● **GIVEN INFORMATION**:
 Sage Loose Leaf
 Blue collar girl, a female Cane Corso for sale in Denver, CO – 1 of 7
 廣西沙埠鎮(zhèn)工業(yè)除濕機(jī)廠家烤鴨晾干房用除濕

---

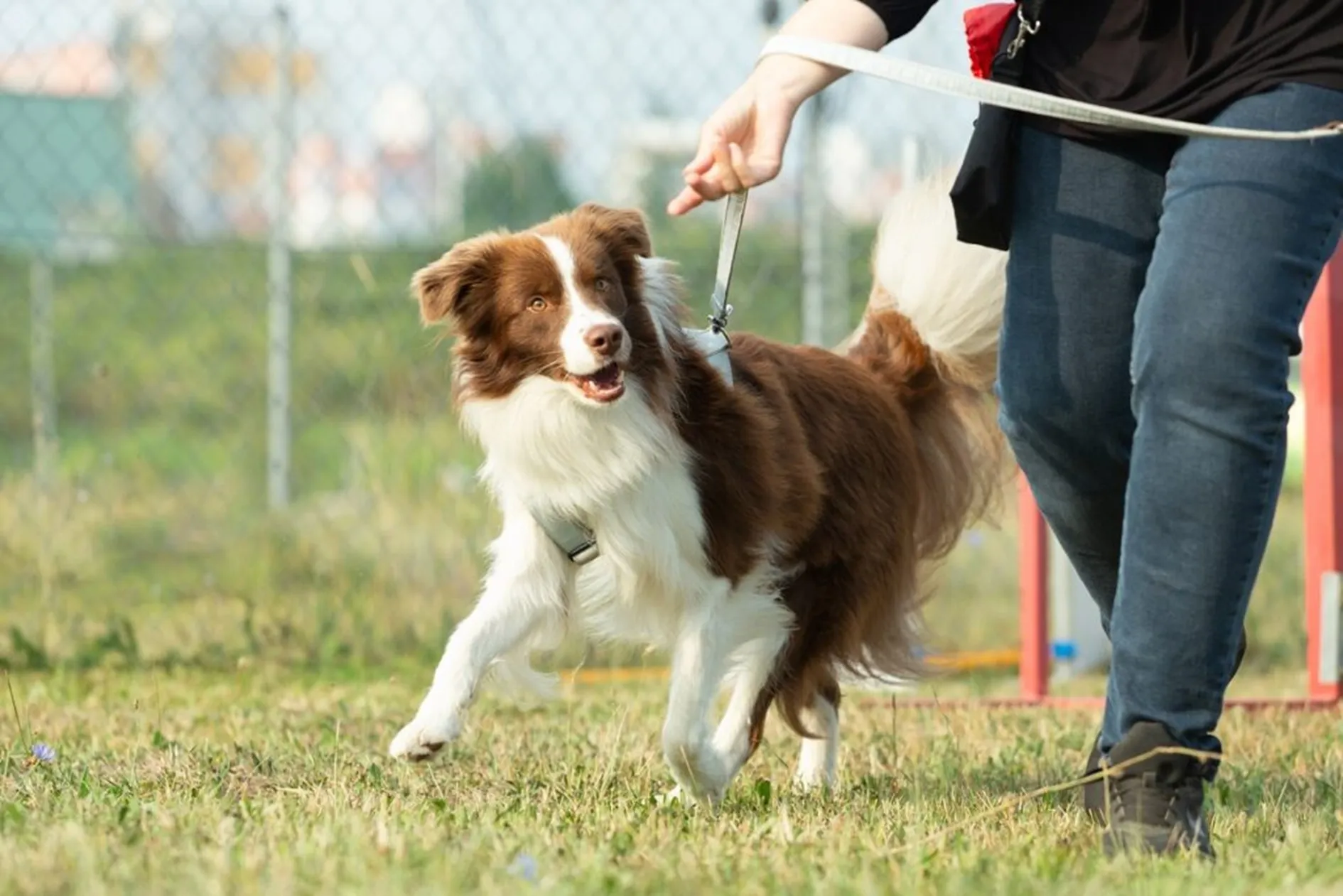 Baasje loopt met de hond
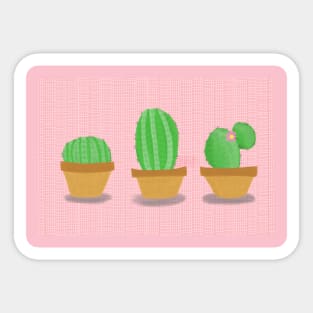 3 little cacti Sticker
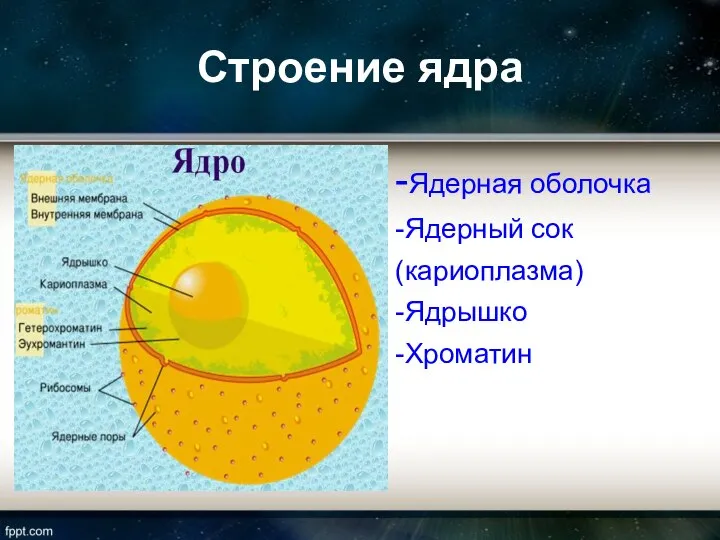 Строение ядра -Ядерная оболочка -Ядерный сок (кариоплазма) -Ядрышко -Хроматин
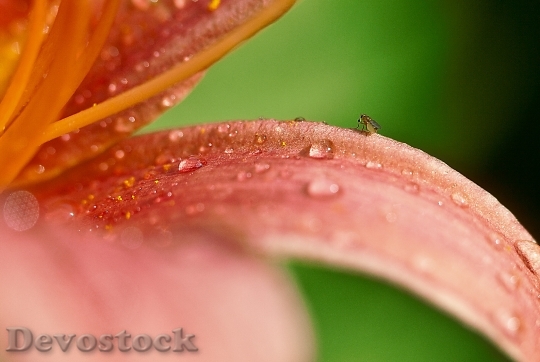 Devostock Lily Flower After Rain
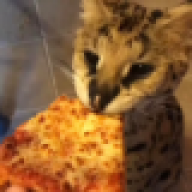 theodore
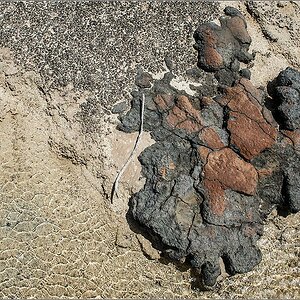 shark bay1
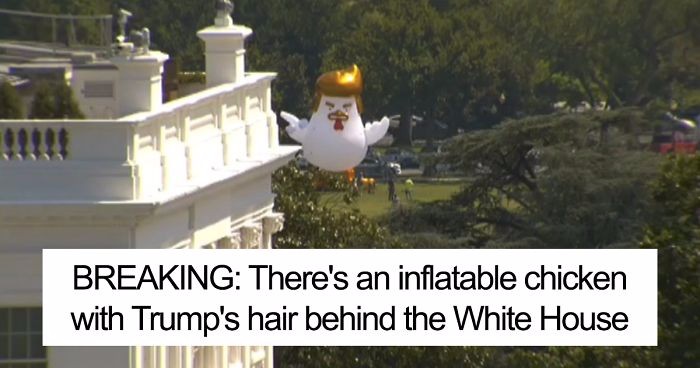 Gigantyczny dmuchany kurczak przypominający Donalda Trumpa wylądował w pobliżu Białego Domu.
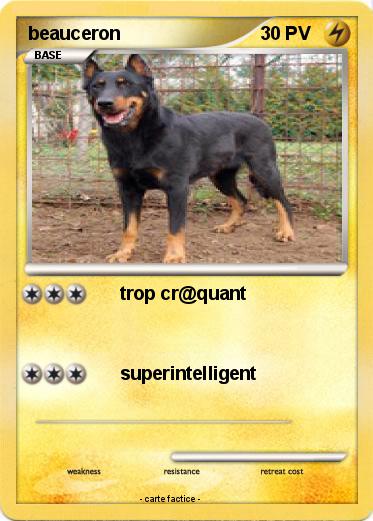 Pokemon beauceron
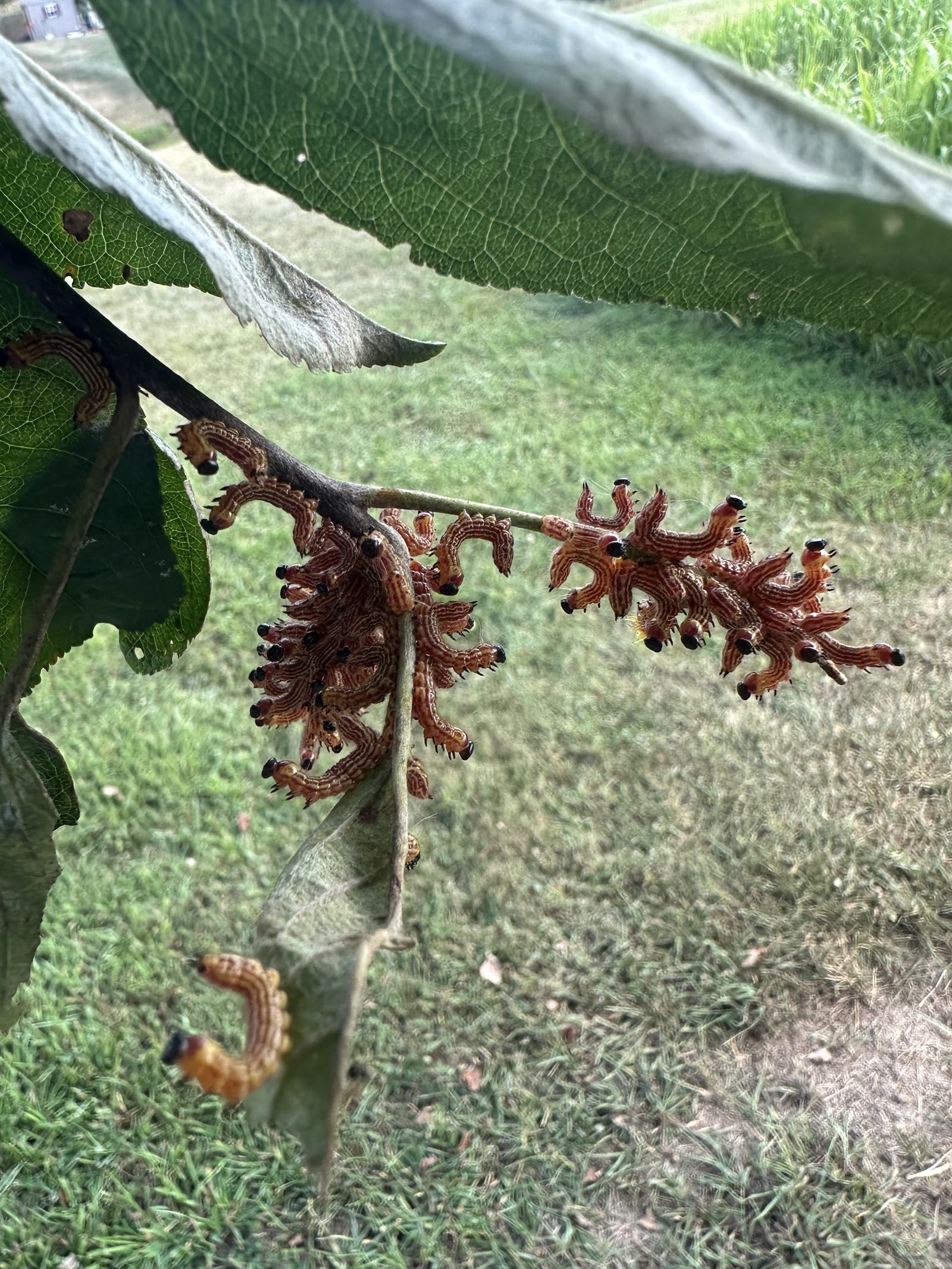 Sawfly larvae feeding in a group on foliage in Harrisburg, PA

● **YOUR INSTRUCTIONS**:
Between and including the line with "Pokemon beauceron" and the line with "Sawfly larvae feeding", repeat every line exactly as it appears above, with pictures left out.

● **EXERCISE ANSWER**:
 Pokemon beauceron
 Sawfly larvae feeding in a group on foliage in Harrisburg, PA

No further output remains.